Tom Shaw (bishop) facts for kids
Quick facts for kids The Right Reverend Marvil Thomas Shaw III SSJE |
|
---|---|
Bishop of Massachusetts | |
Church | Episcopal Church |
Diocese | Massachusetts |
In Office | 1995–2014 |
Predecessor | David Elliot Johnson |
Successor | Alan McIntosh Gates |
Orders | |
Ordination | 1971 |
Consecration | September 24, 1994 by Edmond L. Browning |
Personal details | |
Birth name | Marvil Thomas Shaw |
Born | Battle Creek, Michigan, United States |
August 28, 1945
Died | October 17, 2014 West Newbury, Massachusetts, United States |
(aged 69)
Nationality | American |
Denomination | Anglican |
Previous post | Coadjutor Bishop of Massachusetts (1994–1995) |
Marvil Thomas Shaw III SSJE (August 28, 1945 – October 17, 2014) was an Episcopal bishop based in New England and a member of the Society of St. John the Evangelist. In 1995 he was called as the fifteenth Bishop of Massachusetts.
Early life
Marvil Thomas Shaw was born in Battle Creek, Michigan, to Marvil Thomas II and Wilma Sylvia (née Janes) Shaw. He was a graduate of Alma College and held a Master of Divinity degree from General Theological Seminary in New York and a Master of Arts degree in theology from the Catholic University of America in Washington, D.C.
Ordained ministry
Shaw was ordained deacon on July 2, 1970, and to the priesthood in 1971. He served as curate at the Church of St. Mary the Virgin in Higham Ferrers, Northamptonshire, England, from 1970 to 1972 and as assistant rector of St. James' Church in Milwaukee from 1972 to 1974.
In 1975, Shaw entered the Society of St. John the Evangelist, a religious order of priests and lay brothers in the Anglican Communion. Life professed in the society in 1981, he served a term as its superior, beginning in 1983, during which he established the retreat center at Emery House in West Newbury, Massachusetts; began Cowley Publications, an Episcopal publishing house; and developed a Boston-area program for inner-city boys and their families. In demand nationwide as a preacher, retreat leader and spiritual director, he served in 1993 as chaplain to the House of Bishops of the Episcopal Church. He wrote extensively, including his 2007 book, Conversations with Scripture and Each Other (Rowman & Littlefield).
Shaw was elected bishop coadjutor of the Diocese of Massachusetts on the first ballot at a special diocesan convention held on March 12, 1994, at the Cathedral Church of St. Paul in Boston. He was consecrated a bishop on September 24, 1994, becoming the 898th bishop of the Episcopal Church. He succeeded the late Bishop David E. Johnson in January 1995 to become the fifteenth Bishop of Massachusetts.

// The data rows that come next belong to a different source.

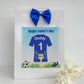 a father's day card with a soccer jersey and a blue bow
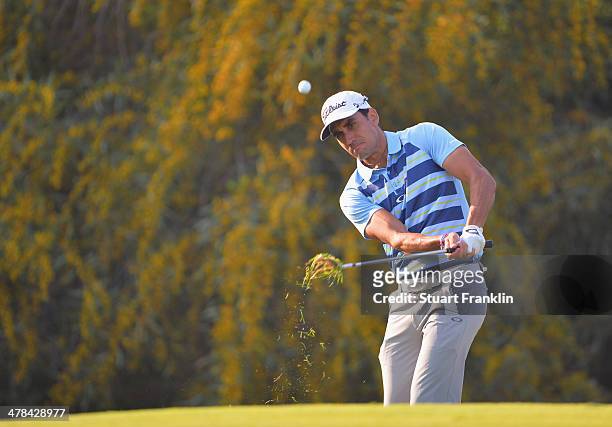 Rafael Cabrera Bello of Spain plays a shot during the first round of the Trophee du Hassan II Golf at Golf du Palais Royal on March 13, 2014 in...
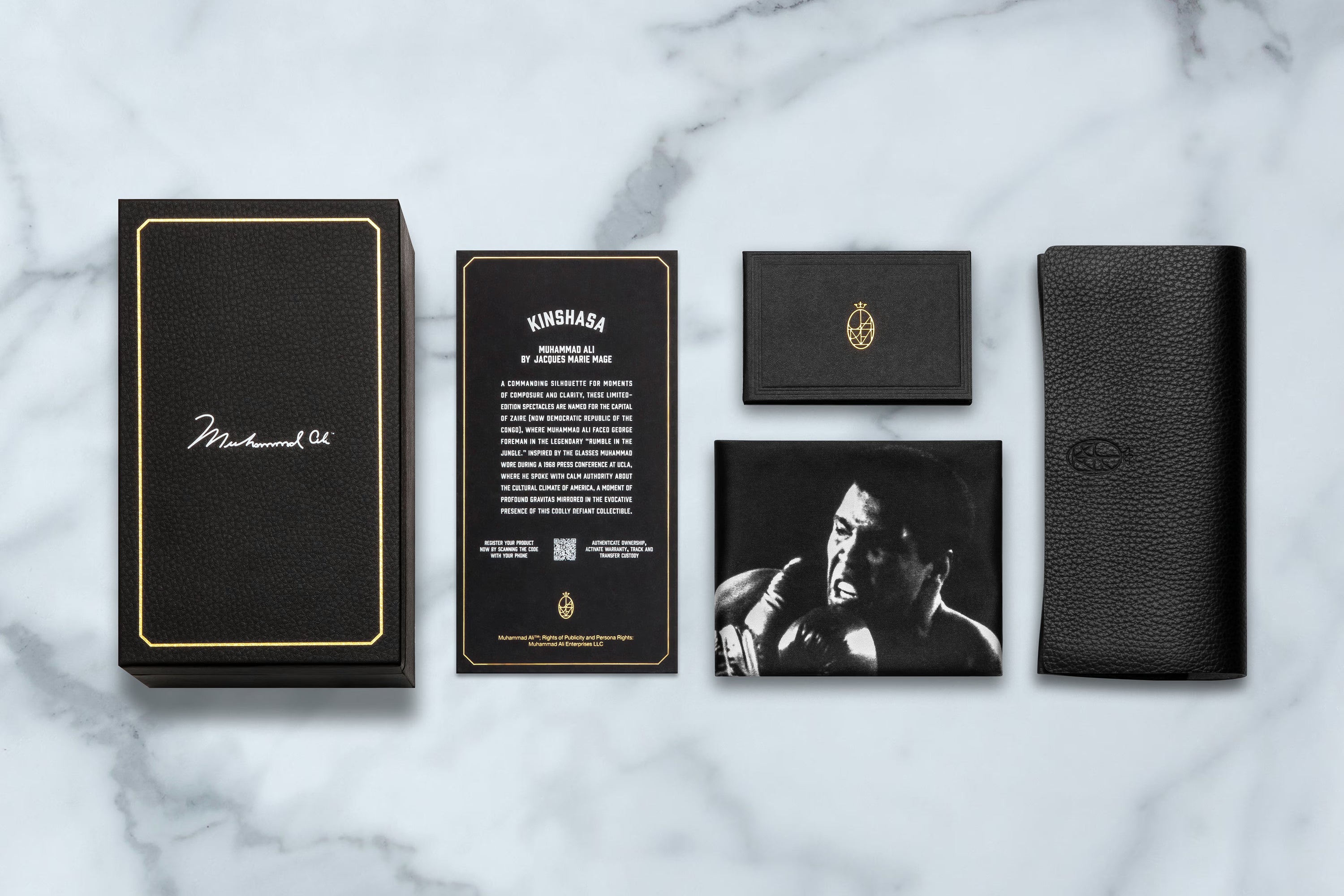 Collection of black leather products with gold accents on a marble surface
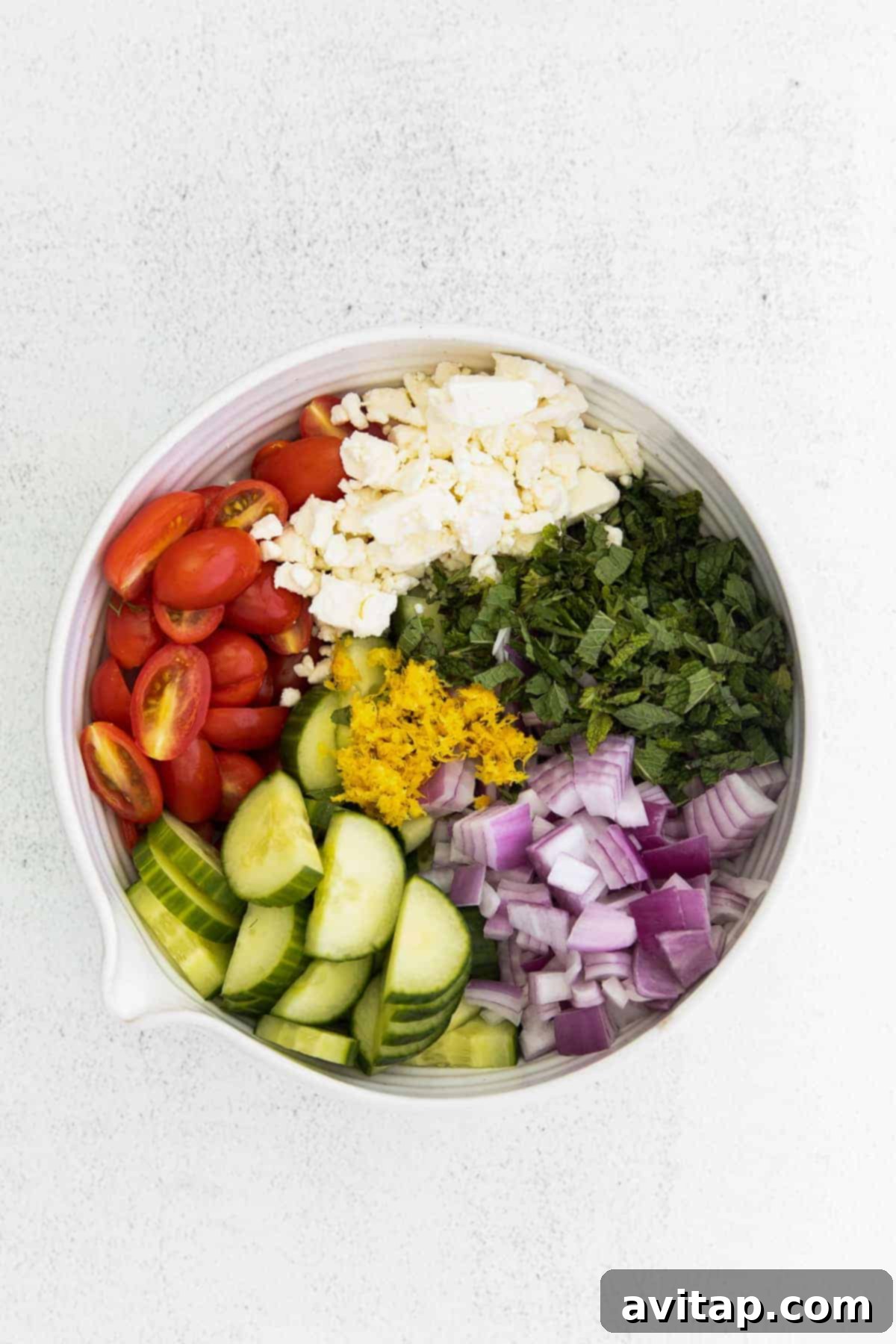 Assortment of fresh Mediterranean couscous salad ingredients in a mixing bowl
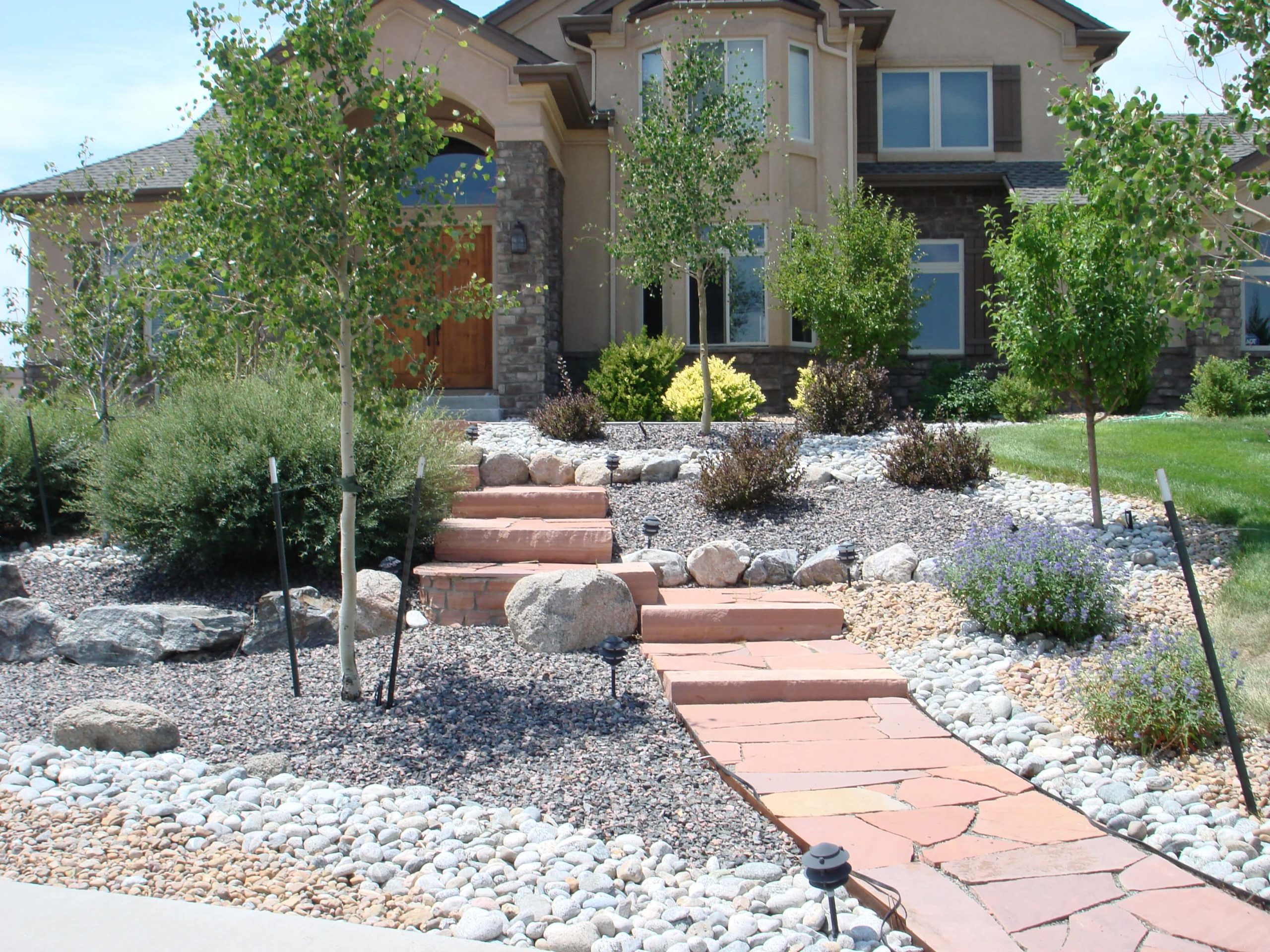 A suburban house with a front yard featuring drought-tolerant landscaping, stone paths, rocks, and small trees and shrubs, with a walkway leading up to the front door.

Shaw was an active witness and voice for peace with justice in Palestine and Israel. He traveled frequently and led groups to the Holy Land, Africa and Central America, developing and strengthening mission relationships within the Anglican Communion and partnerships to further the church's work of reconciliation and service in the world, with a particular focus on eradication of poverty and disease. Shaw contributed to the work of the 1998 Lambeth Conference on international debt and economic justice issues. In 2000, he spent a month in Washington, D.C., as a congressional intern, exploring the church's role in public life. He was a past chairman of the Episcopal Church's Standing Commission on National and International Concerns and the Advisory Council for the Anglican Observer to the United Nations. He served on the program planning committee for the Episcopal Church's House of Bishops and its program for formation of new bishops.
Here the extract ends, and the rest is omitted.